A Russian Ministry of Justice document states the allocation of two amounts, 17,668,310,000 rubles (US$ 275,000,000) and 42,326,000 rubles (US$ 660,000).
The funds were provided to:
- Автономная некоммерческая организация “ТВ-новости” (Translated: Autonomous non-profit organization “TV-Novosti”)
The document further states:
- (адрес (место нахождения) органа, по которому осуществляется связь с некоммерческой организацией) (Translated: (address (location) of the authority at which communication with the non-profit organization is carried out))
- 111020, Москва, ул. Боровая, д. 3, корп. 1 (Translated: 111020, Moscow, st. Borovaya, 3, bldg. one) is provided as the organization’s address
Searching for the above given address results in RT’s Contact Us page top-listed in Google’s search results. The RT page lists the Autonomous non-profit organization (ANO) “TV-Novosti” as its parent company and has “Bldg.3, Borovaya St., Moscow, Russia 111020” published as its official address.
In 2013, in a conversation with Margarita Simonyan, RT’s Chief Editor, Russian president Putin talked about how and why Russia Today was created.
Vladimir Putin: “When we designed this project [TV-Novosti/Russia Today] back in 2005 we intended introducing another strong player on the world’s scene, a player that wouldn’t just provide an unbiased coverage of the events in Russia but also try, let me stress, I mean – try to break the Anglo-Saxon monopoly on the global information streams. And it seems to me that you’re succeeding in this job. … Certainly the channel is funded by the government, so it cannot help but reflect the Russian government’s official position on the events in our country and in the rest of the world one way or another.”
“The information weapon”
Excerpts from “Question That: RT’s Military Mission”
RT’s editor-in-chief is Margarita Simonyan, formerly a journalist in the Kremlin media pool. In 2012, Simonyan was interviewed by Russian daily Kommersant (archived here), and described the broadcaster’s mission and philosophy in overtly military terms:
Question: OK, and why does the country need it all? Why should I, as a taxpayer, support you?
Simonyan: Well, for about the same reason as why the country needs a Defense Ministry. Why do you, as a taxpayer, need that?
Question: Really? Are we fighting someone at the moment?
Simonyan: Right now, we’re not fighting anyone. But in 2008 we were fighting. The Defense Ministry was fighting with Georgia, but we were conducting the information war, and what’s more, against the whole Western world. It’s impossible to start making a weapon only when the war already started! That’s why the Defense Ministry isn’t fighting anyone at the moment, but it’s ready for defense. So are we.
This is not the only time Simonyan has referred to RT’s mission in military terms. In a separate interview with lenta.ru in 2013 (archived here), she again spoke of information in weaponized terms, and highlighted its use in “critical moments”.

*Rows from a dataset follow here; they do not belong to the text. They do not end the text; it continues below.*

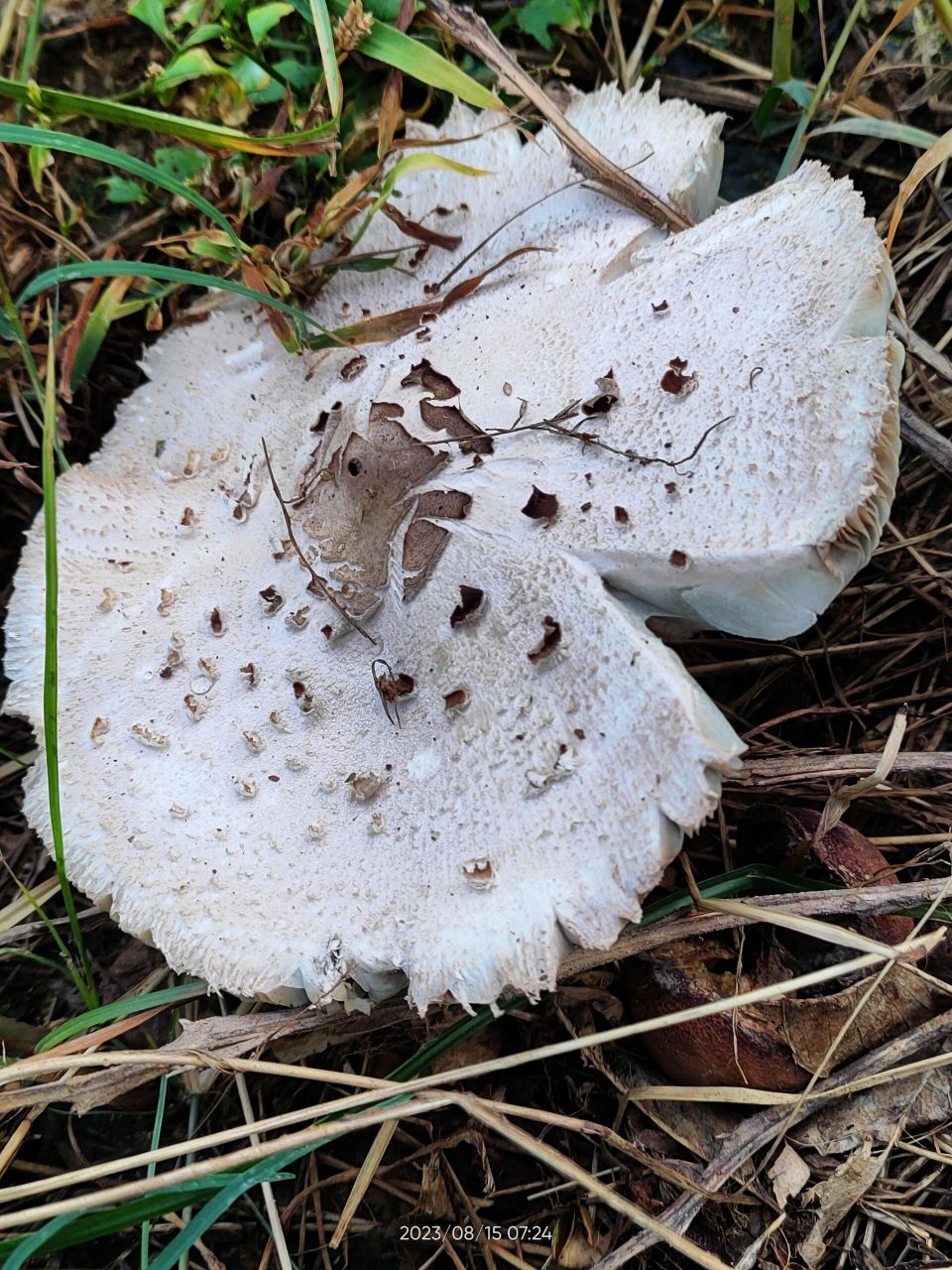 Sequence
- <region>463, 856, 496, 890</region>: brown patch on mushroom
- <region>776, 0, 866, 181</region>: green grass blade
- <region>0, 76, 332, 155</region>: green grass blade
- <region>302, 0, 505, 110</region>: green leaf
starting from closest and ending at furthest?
<region>463, 856, 496, 890</region>: brown patch on mushroom → <region>0, 76, 332, 155</region>: green grass blade → <region>302, 0, 505, 110</region>: green leaf → <region>776, 0, 866, 181</region>: green grass blade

Simonyan: The information weapon, of course, is used in critical moments, and war is always a critical moment. And it’s war. It’s a weapon like any other. Do you understand? And to say, why do we need it — it’s about the same as saying: ‘Why do we need the Ministry of Defense, if there is no war?’
She further characterized RT’s mission in non-conflict situations as preparing for “critical moments”, such as war, by winning an audience.
Simonyan: Of course, the Defense Ministry can’t start training soldiers, preparing weaponry and generally making itself from scratch when the war already started. If we don’t have an audience today, tomorrow and the day after, it’ll be the same as in 2008.
In the Lenta.ru interview, she expanded on her vision of how the “information weapon” should be used and appeared to confirm that the United States is the principal target.
Simonyan: In 2008, [our audience] wasn’t zero, but put mildly, it wasn’t brilliant. Now it would be immeasurably better, on account of the fact that we show Americans alternative news about themselves. We don’t show it to start a revolution in the USA, that’s laughable and crazy, but to conquer an audience. (…) In a critical moment we’ll already have grown our audience, which is used to come to us for the other side of the truth, and of course we’ll make use of that.